Didn’t they use the opener wrong?

As an analytics enthusiast, I have embraced the deployment of openers — as the alternative to throwing a replacement-level starter to the wolves. In the Yankees’ final game of 2019, they went to an opener, and while it didn’t work — Chad Green started and immediately gave up three runs — I thought it made more sense than going with a diminished J.A. Happ.

In other words, I support using the opener as a defensive move against your own inadequacies, as invented by the Rays and utilized by pitching-challenged teams in the postseason like the 2018 Brewers and this year’s Padres. Certainly not as an offensive move against your opponent’s strengths when you weigh that potential reward against the potential risk of disrupting your pitching plans as well as your clubhouse.

The Yankees contended that they tried the strategy they did in Tuesday night’s American League Division Series Game 2, starting rookie right-hander Deivi Garcia and switching to the veteran left-hander Happ at the start of the second inning, as an attempt to force the hand of Rays manager Kevin Cash concerning his deep and talented roster. That move backfired rather spectacularly with a 7-5 loss, as the southpaw Happ, entering a 1-1 game, allowed two-run homers to a pair of righty batters — Mike Zunino and Manuel Margot — in the second and third innings, respectively. Happ, while taking accountability for his lousy performance, didn’t hide his disappointment with the Yankees’ decision-making, conceding that he would have preferred to start.

He had earned that right in the wake of a resurgent 2020 regular season that saw him cut down on his gopher balls and drop his ERA from 4.91 to 3.47 (and his FIP from 5.22 to 4.57). Garcia, it appeared, had earned the same right after looking very impressive in his first six big-league starts. If you look under the hood on Baseball Savant, you will see that Garcia could have gotten hit a little harder in those outings; opponents slugged .420 against him and that should have been .459 based on hitters’ exit velocity. OK. Masahiro Tanaka’s expected slugging for 2020 stood at .439 against an actual .455, not a huge difference. And Garcia, who uses his changeup second most often after his four-seam fastball, actually performed better against lefty hitters (.579 OPS) than righties (.817) during the regular season. The run he gave up Tuesday was a homer to amazing Rays rookie Randy Arozarena, a righty hitter.

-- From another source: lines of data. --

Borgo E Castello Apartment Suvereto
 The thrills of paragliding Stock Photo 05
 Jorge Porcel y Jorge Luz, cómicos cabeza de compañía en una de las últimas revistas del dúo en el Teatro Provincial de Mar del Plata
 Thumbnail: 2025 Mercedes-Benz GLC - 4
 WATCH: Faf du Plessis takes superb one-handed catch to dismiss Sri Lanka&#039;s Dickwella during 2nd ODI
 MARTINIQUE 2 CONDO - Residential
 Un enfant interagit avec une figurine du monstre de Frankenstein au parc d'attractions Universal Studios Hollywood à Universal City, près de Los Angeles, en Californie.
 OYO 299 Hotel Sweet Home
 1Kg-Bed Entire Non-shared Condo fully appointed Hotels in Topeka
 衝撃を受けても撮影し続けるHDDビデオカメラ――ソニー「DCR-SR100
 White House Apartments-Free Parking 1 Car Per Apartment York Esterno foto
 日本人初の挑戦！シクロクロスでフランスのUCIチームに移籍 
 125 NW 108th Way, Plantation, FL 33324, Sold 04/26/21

Asked Wednesday, before Game 3, whether he would consider letting Garcia and Happ work as traditional starting pitchers should the Yankees advance beyond this series, Boone said, “I would expect that. I think [Tuesday] night this team, a little bit unique in that sense. I would probably assume they would be in a starter’s role.”

Then there sure exists a case to be made that the Yankees used the opener wrong. What started out as a brilliant series for them now becomes a mess of their own making, with two of their most important pitchers disrupted and their options for the rest of the week compromised; Jordan Montgomery, the starting rotation’s weak link, will start Game 4 and ace Gerrit Cole will go in Friday’s Game 5 on three days’ rest. If they don’t clean it up, this one will sting for a very long time.